(Data extracted from a collection)
┌──

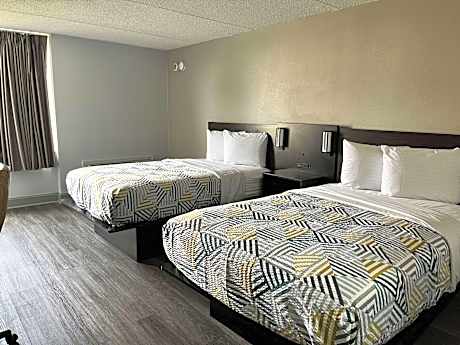 Quadruple Room - Disability Access - Roll in Shower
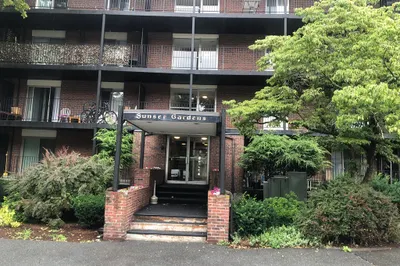 45 Oval Rd #12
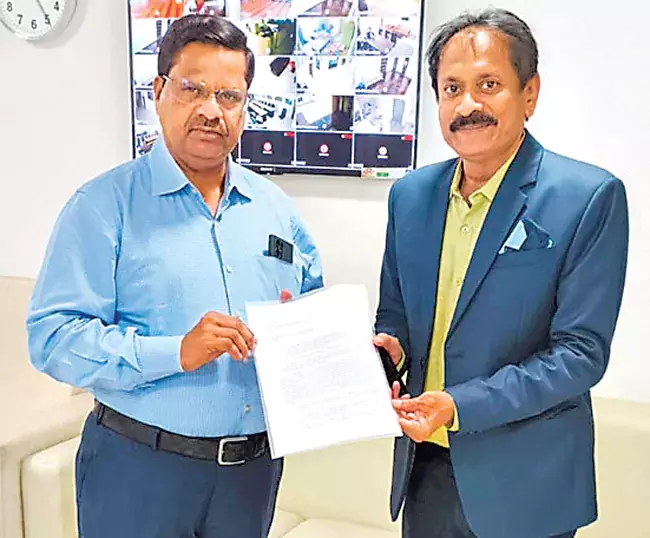 विश्वविद्यालय एपी OSD वेलागा जोशी ने बालकिष्टा रेड्डी से मुलाकात की विश्वविद्यालय एपी OSD वेलागा जोशी ने बालकिष्टा रेड्डी से मुलाकात की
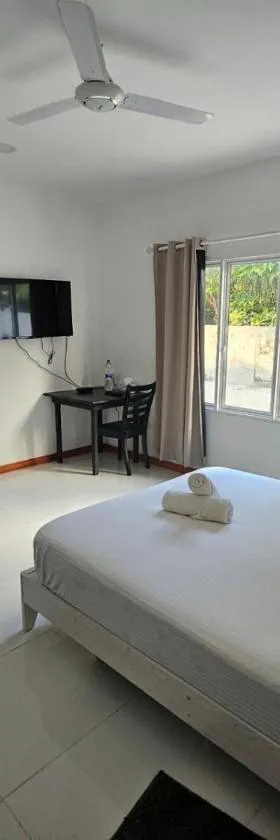 Surf Trip Maldives, Hotel in Thulusdhoo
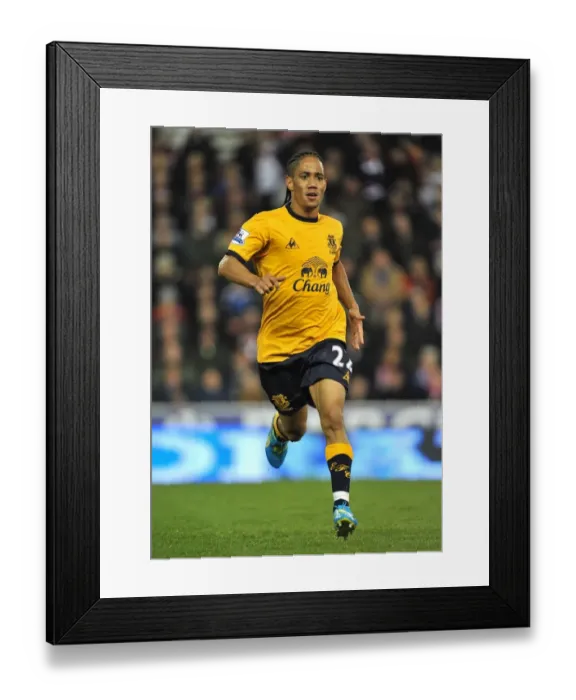 Framed Print : Steven Pienaar in Action: Everton vs Stoke City, Premier League Showdown at Britannia Stadium (01 May 2012) Framed Print : Steven Pienaar in Action: Everton vs Stoke City, Premier League Showdown at Britannia Stadium (01 May 2012)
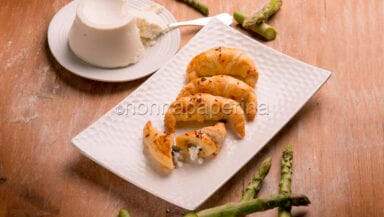 Cornetti salati con asparagi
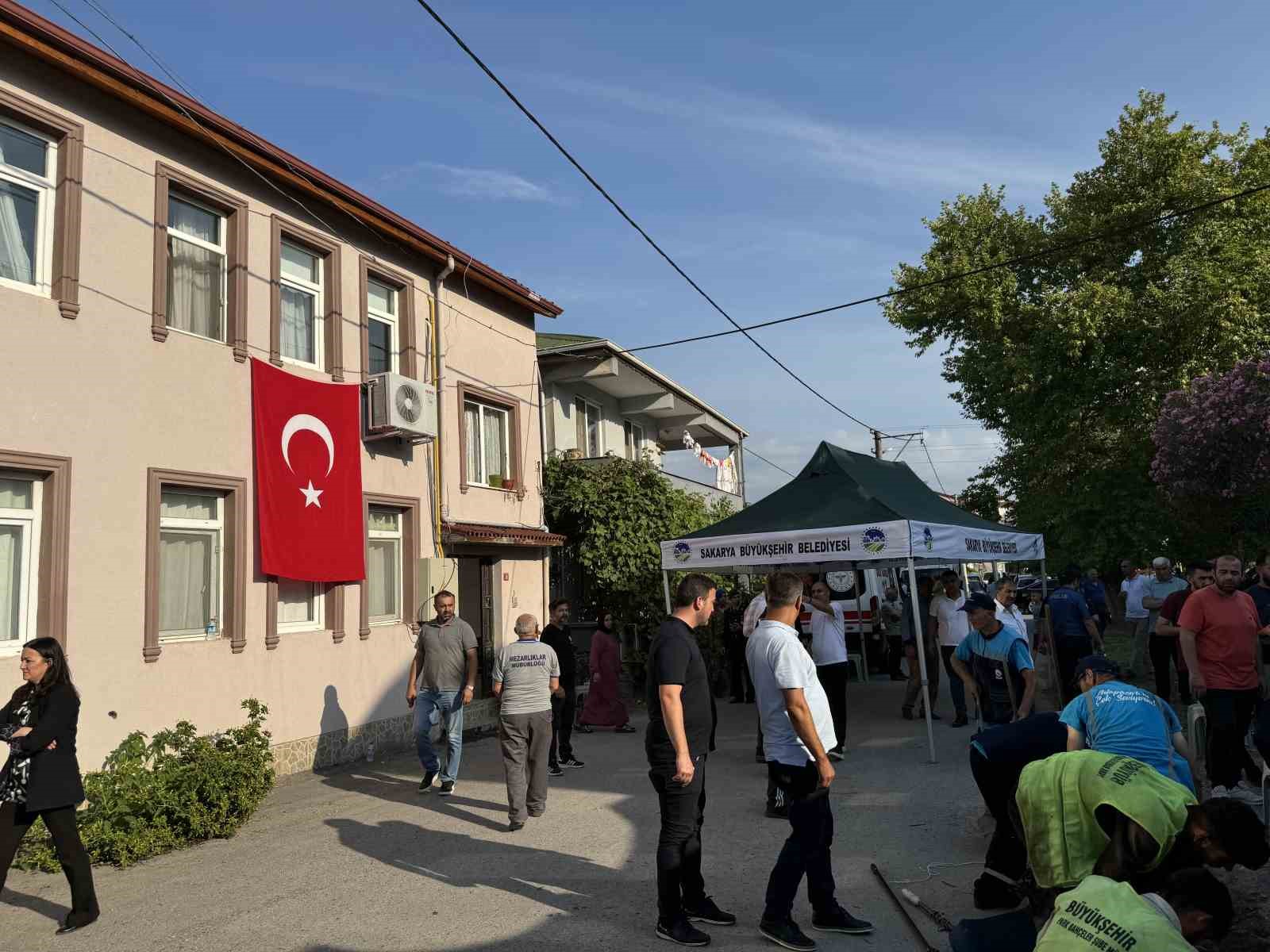 Sakaryalı şehidin baba evine Türk bayrağı asıldı
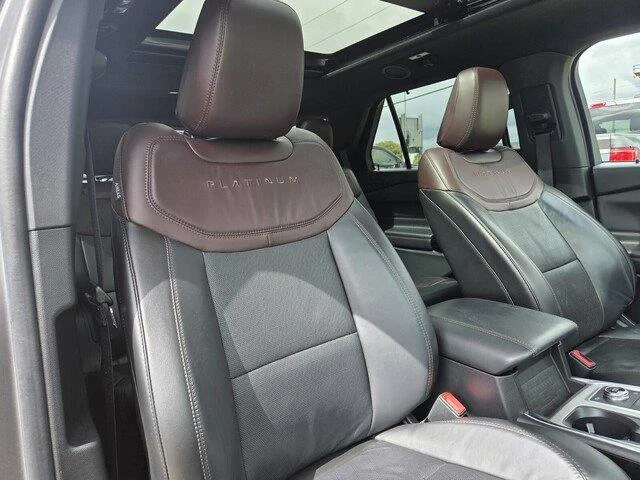 Used 2023 Carbonized Gray Metallic Ford Platinum image 32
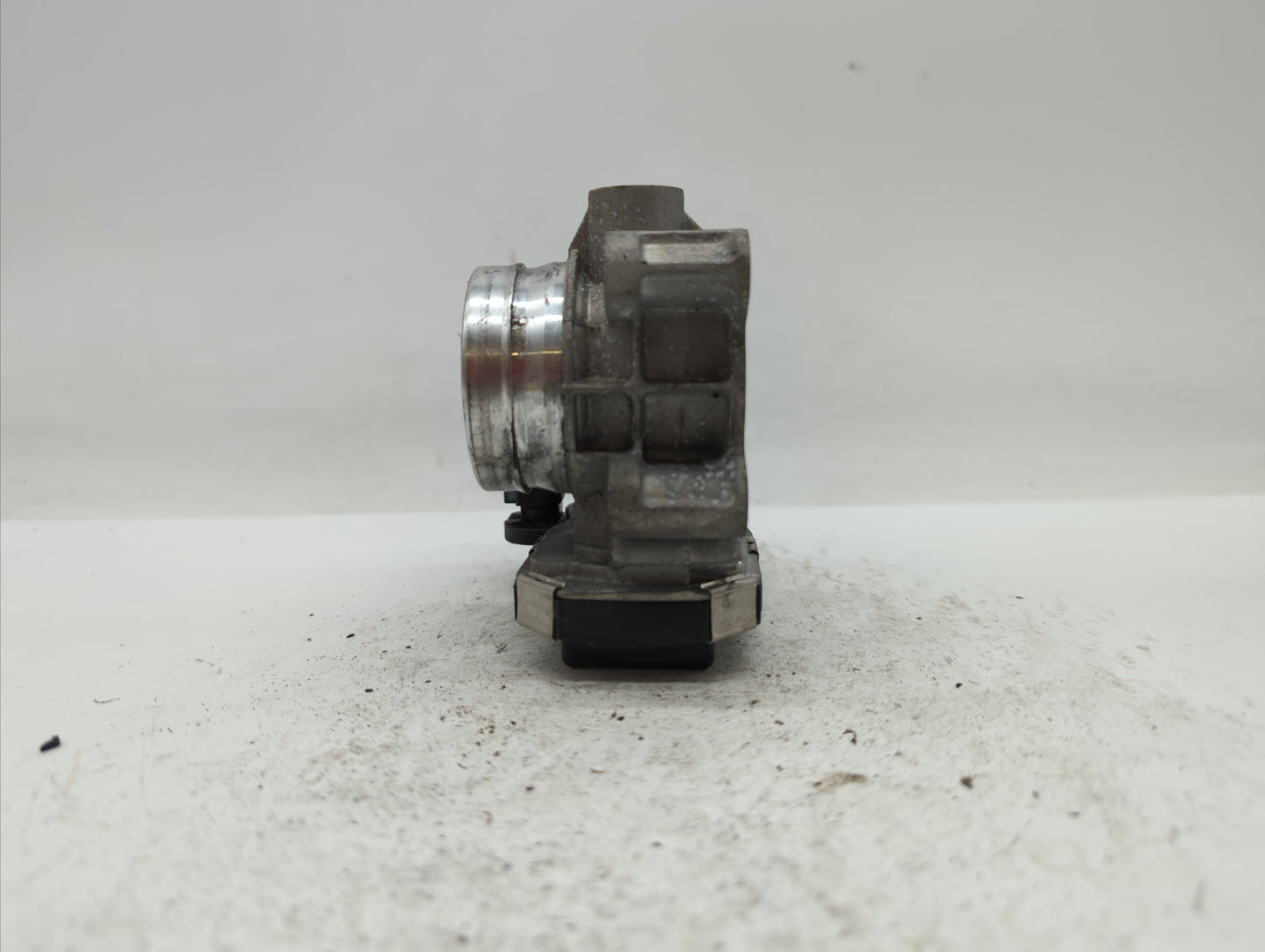 2018-2019 Chevrolet Equinox Throttle Body P/N:12659491BA 12671379AA Fits Fits 2016 2017 2018 2019 OEM Used Auto Parts - Oemu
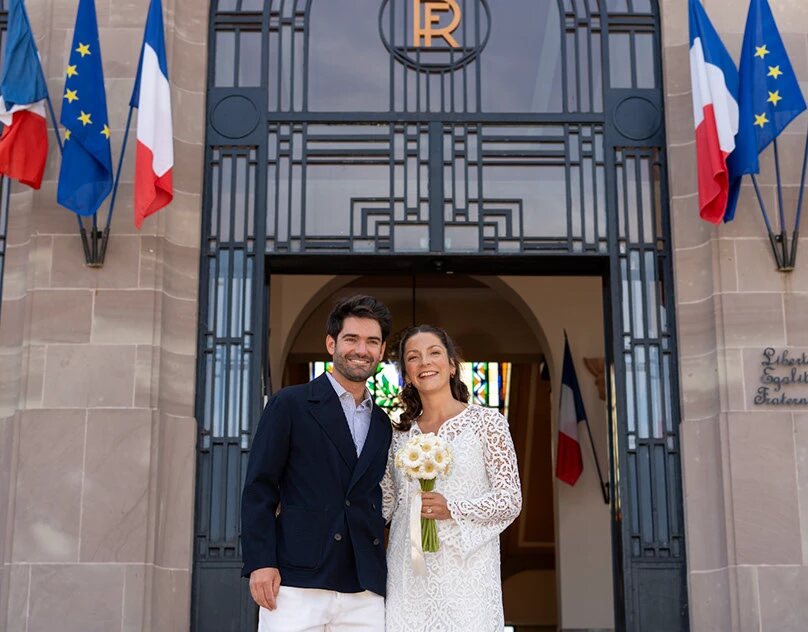 Pareja de recién casados frente a un edificio ceremonial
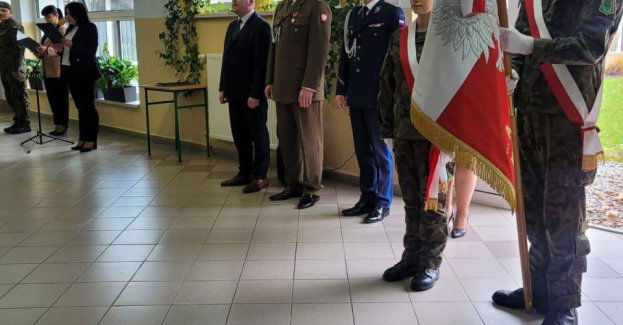 Ślubowanie klasy mundurowej w Zespole Szkół w Zarzeczu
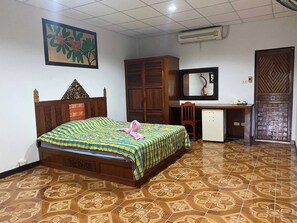 Bureau, Wi-Fi gratuit, draps fournis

└──

## Exercise objective
Please output, exactly and with no pictures, only the lines from the one containing "Sakaryalı şehidin baba" through the final line of the records above.

## Output
 Sakaryalı şehidin baba evine Türk bayrağı asıldı
 Used 2023 Carbonized Gray Metallic Ford Platinum image 32
 2018-2019 Chevrolet Equinox Throttle Body P/N:12659491BA 12671379AA Fits Fits 2016 2017 2018 2019 OEM Used Auto Parts - Oemu
 Pareja de recién casados frente a un edificio ceremonial
 Ślubowanie klasy mundurowej w Zespole Szkół w Zarzeczu
 Bureau, Wi-Fi gratuit, draps fournis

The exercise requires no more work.